He earned a standing ovation from the starry crowd as his wife, Robin Wright Penn, tearfully looked on. (Penn, however, didn't thank his wife; the two filed for divorce in late 2007 before reconciling last spring.)
"You commie, homo-loving sons of guns," Penn began in accepting the prize. "I did not expect this and I want it to be very clear that I do know how hard I make it to appreciate me often."
In this highly competitive category, Penn was up against Mickey Rourke in The Wrestler, Frank Langella in Frost/Nixon, Brad Pitt in The Curious Case of Benjamin Button and Richard Jenkins in The Visitor.
Penn had already won the Screen Actors Guild and Critics Choice awards as well as numerous honors from film critics groups across the country.

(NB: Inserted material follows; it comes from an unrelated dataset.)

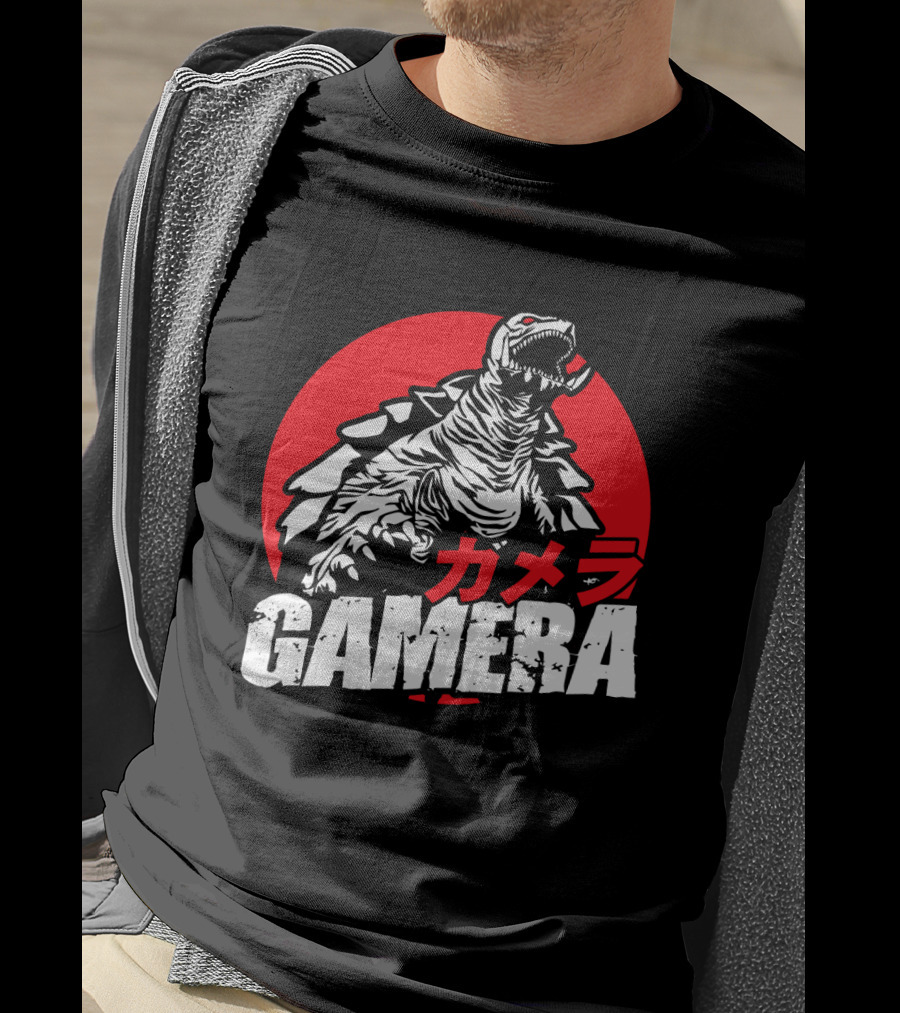 GAMERA Flying Turtle Kaiju Red Circle Background T-Shirt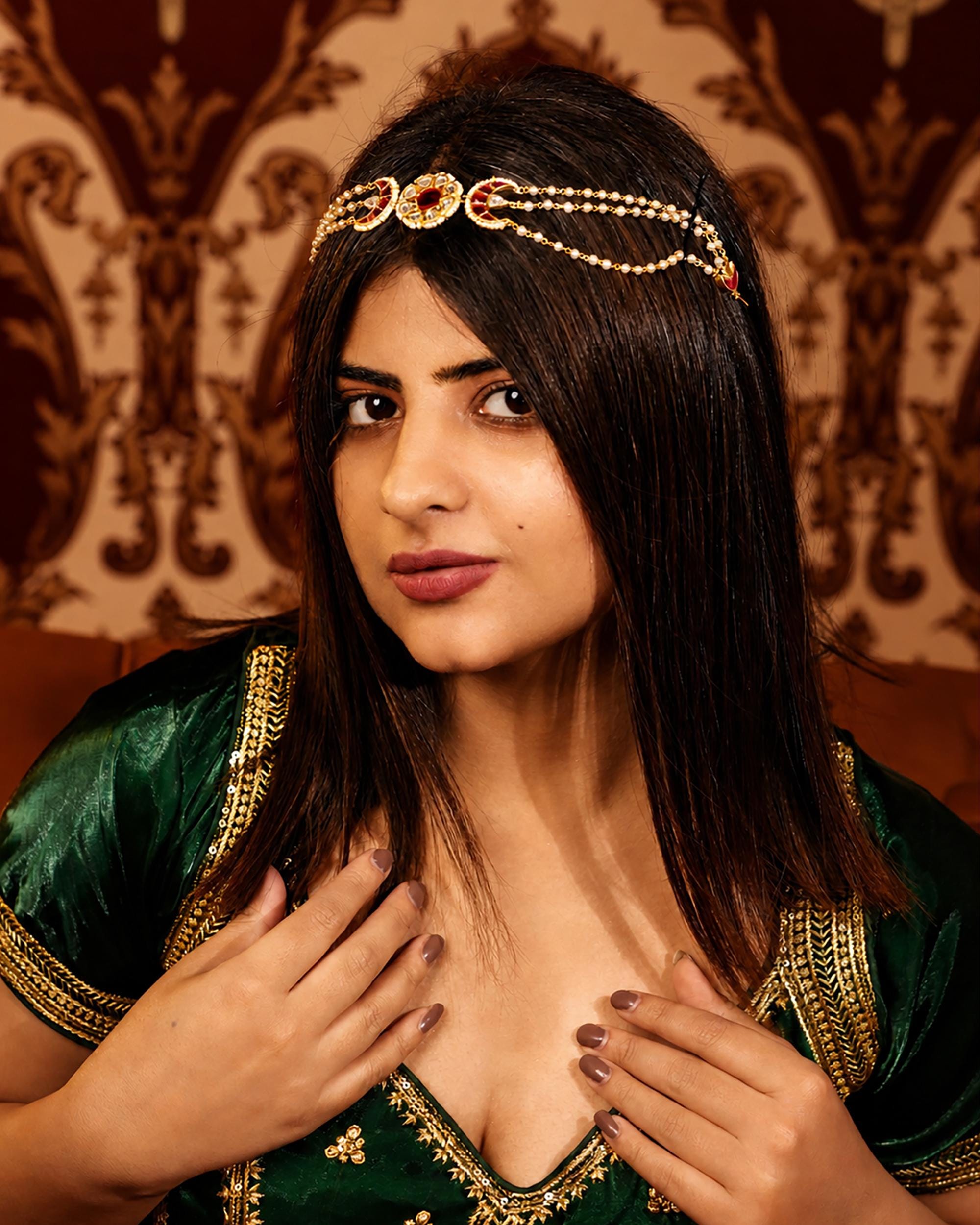 Celestial Kundan Pearl Sheeshpatti | Red Stone Bridal Matha Patti | Traditional Indian Wedding Hair Jewelry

"How did he do it?" fellow Oscar winner Robert De Niro wondered in introducing Penn. "How for so many years did he get all those jobs playing straight men?"
Milk was the first openly gay man elected to major public office in the United States when he won a seat on the San Francisco Board of Supervisors in 1977. The following year, he was shot to death along with Mayor George Moscone by board colleague Dan White.
In wrapping up his own speech, Penn mentioned the protesters who lined the streets of Hollywood near the Oscar festivities, holding anti-gay signs: "We've got to have equal rights for everyone," he said.
Backstage, when asked what he would tell those protesters if he could speak to them, Penn responded, "I'd tell them to turn in their hate card and find their better self."
Best Actress
British actress Kate Winslet won her first Oscar on Sunday for her portrayal of a German woman with a secret Nazi past in the romantic drama The Reader.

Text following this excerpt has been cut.